The company's third-quarter earnings and revenue slightly missed expectations, and it cut its revenue outlook for the full year on Wednesday.
It didn't lose many customers—its turnover rate, or churn, for postpaid accounts was less than 1 percent, AT&T's best for a third quarter. Postpaid customers are the ones with better credit and stay with carriers longer, sometimes with contracts. But of the net 2 million subscribers added, most were for tablets or other non-phone services such as cars. Those plans aren't as lucrative for AT&T as smartphone customers.
Also, AT&T is trying to wean customers off equipment subsidies and shift them toward installment plans in which they ultimately pay full price for a phone—$650 for an iPhone 6, for instance, compared with $200 under subsidy pricing. That shift means it books less service revenue in the short term, as the company offers monthly discounts of $15 or $25 per phone.
AT&T Inc. added over 500,000 car data plans, thanks to the Internet connectivity included in many 2015 models that went on sale in recent months. It added 342,000 tablet customers and 466,000 smartphone customers, including existing customers upgrading from basic phones. On tablets, AT&T said it is seeing a shift toward postpaid plans, which will mean revenue stability in the long run. Previously, many customers turned on service for just a month here and there, depending on their immediate needs.
AT&T's larger rival, No. 1 carrier Verizon, is also seeing growth in tablets. On Tuesday, the company said it added 1.1 million postpaid tablets in the quarter, compared with 457,000 postpaid phones.
The rise of tablets and other devices gives wireless carriers additional revenue sources. For instance, adding a tablet to a phone plan means an additional $10 in monthly service fees. Although that's less than the $15 to $40 that AT&T gets for a new phone, the company doesn't have to subsidize the cost of the tablet, the way it often does when customers buy a new phone under a two-year contract.
But phones remain the most important part of AT&T's business. The company is hoping to boost revenue by pushing people into larger data plans. AT&T will also get revenue for the phones over the life of the installment agreement. There is one snag: AT&T has been attracting a significant number of customers who bring their own devices, such as using an old phone from a family member who has upgraded. AT&T gets no equipment revenue from that—though it doesn't have equipment costs either.

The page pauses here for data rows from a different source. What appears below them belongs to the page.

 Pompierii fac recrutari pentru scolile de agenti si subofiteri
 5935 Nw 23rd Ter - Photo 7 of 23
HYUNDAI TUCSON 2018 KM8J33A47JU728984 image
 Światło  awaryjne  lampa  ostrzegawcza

In the landline business, AT&T said it added 601,000 U-verse Internet customers and 216,000 U-verse TV subscribers in the third quarter.
For the third quarter, AT&T said earnings fell to $3 billion, or 58 cents per share. Adjusting for one-time costs, earnings came to 63 cents per share, falling short of the 64 cents expected by analysts surveyed by Zacks Investment Research. AT&T said revenue rose 2 percent to $32.96 billion in the period, also below the $33.25 billion expected.
A year ago, AT&T earned 72 cents per share on revenue of $32.16 billion.
The Dallas company trimmed its outlook for full-year revenue growth to a range of 3 percent to 4 percent, compared with about 5 percent as previously forecast.
Separately Wednesday, the Federal Communications Commission halted its review of AT&T's planned takeover of satellite television provider DirecTV, as well as the merger of Comcast Corp. and Time Warner Cable Inc. The agency said companies had objected to the release of confidential information, for competitive reasons, and want more time.
On a conference call with analysts, Chief Financial Officer John Stephens said he still expects to be able to get the deal approved and closed by the first half of next year.
Shares of the company shed 50 cents to $34 in after-hours trading, having closed at $34.50 before the results were released. The stock is down 2 percent in the last 12 months.